### RECORDS SUPPLIED
.....

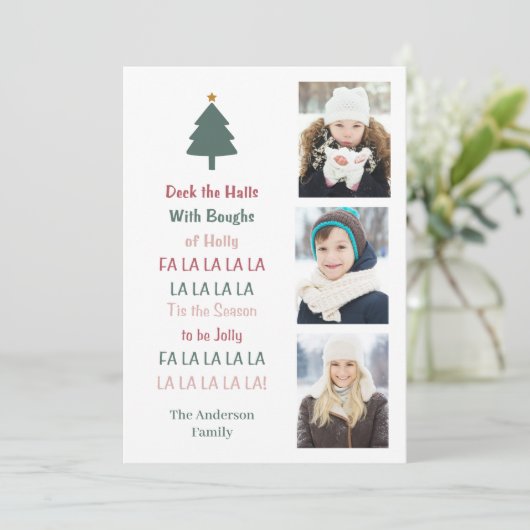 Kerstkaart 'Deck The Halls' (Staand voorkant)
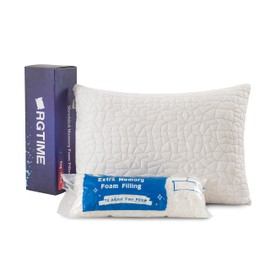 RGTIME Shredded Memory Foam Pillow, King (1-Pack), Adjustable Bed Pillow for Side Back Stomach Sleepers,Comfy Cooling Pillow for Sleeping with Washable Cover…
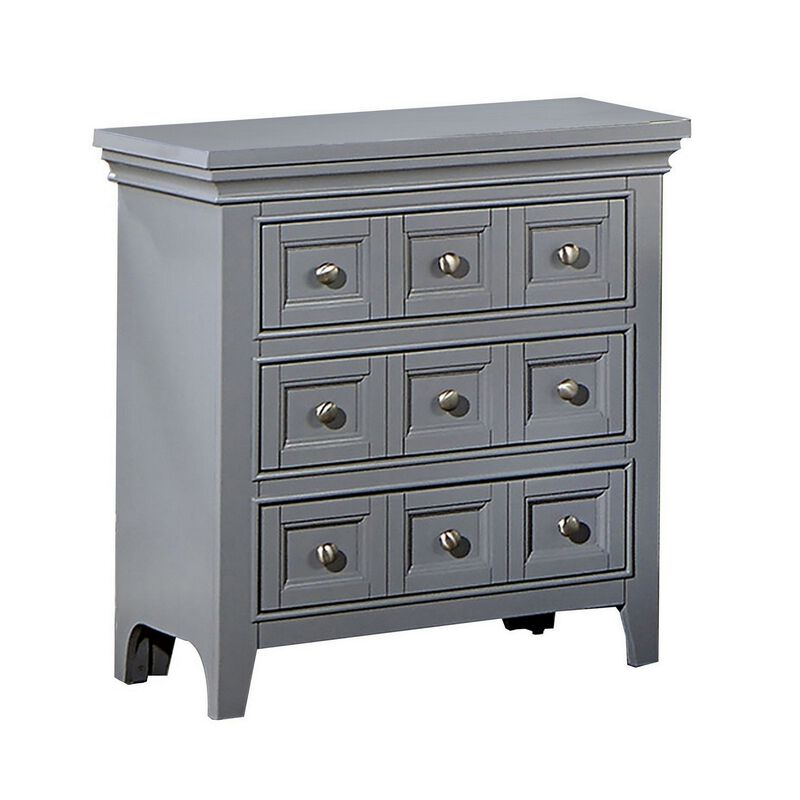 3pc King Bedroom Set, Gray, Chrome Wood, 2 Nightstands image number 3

.....

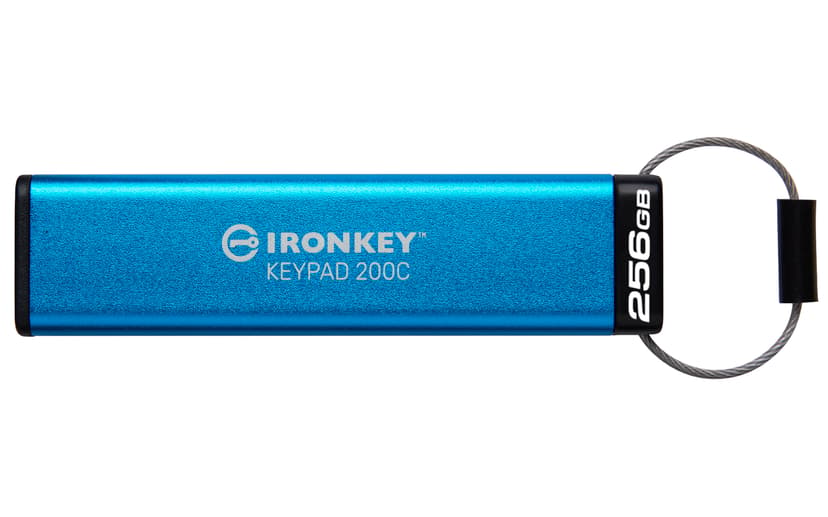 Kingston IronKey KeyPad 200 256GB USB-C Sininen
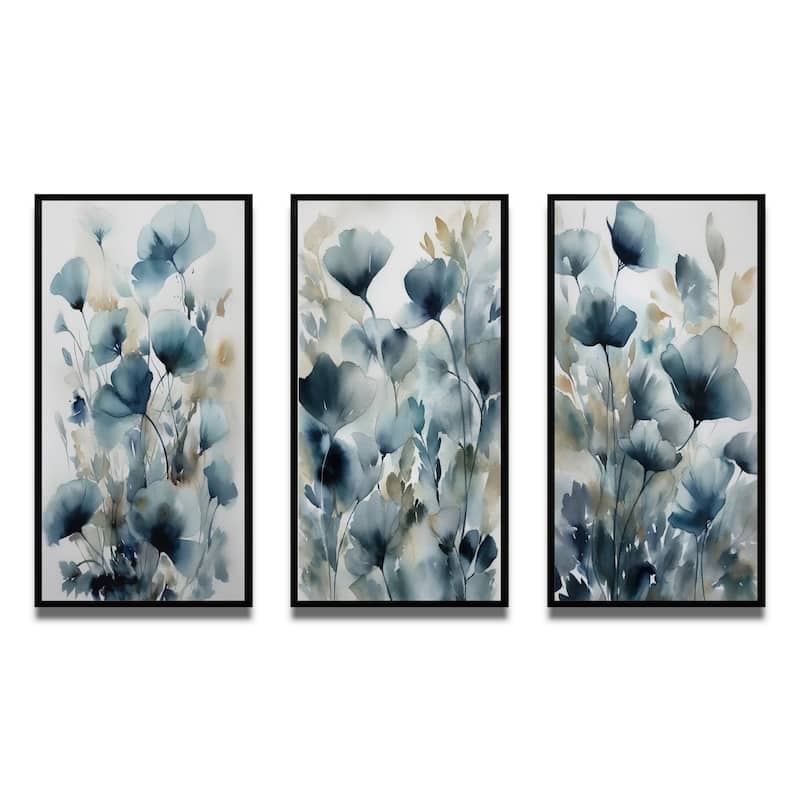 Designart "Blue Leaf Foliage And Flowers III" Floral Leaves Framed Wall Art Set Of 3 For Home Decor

.....

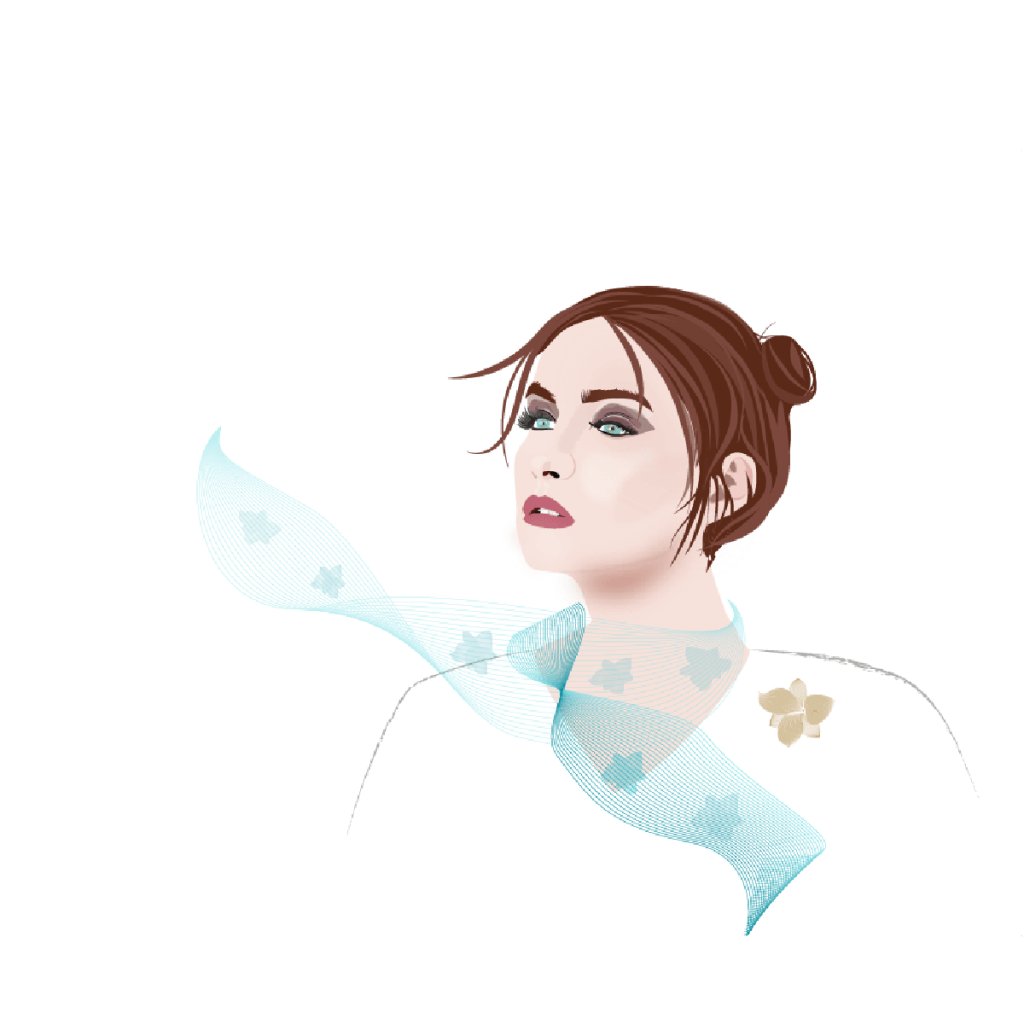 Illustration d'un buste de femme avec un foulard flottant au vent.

.....

### TASK BRIEF
Above are the records; copy exactly the lines from the one with "Kerstkaart 'Deck The" through the one with "3pc King Bedroom", including both, and nothing more. Leave out pictures.

### SOLUTION TO THIS TASK
 Kerstkaart 'Deck The Halls' (Staand voorkant)
 RGTIME Shredded Memory Foam Pillow, King (1-Pack), Adjustable Bed Pillow for Side Back Stomach Sleepers,Comfy Cooling Pillow for Sleeping with Washable Cover…
 3pc King Bedroom Set, Gray, Chrome Wood, 2 Nightstands image number 3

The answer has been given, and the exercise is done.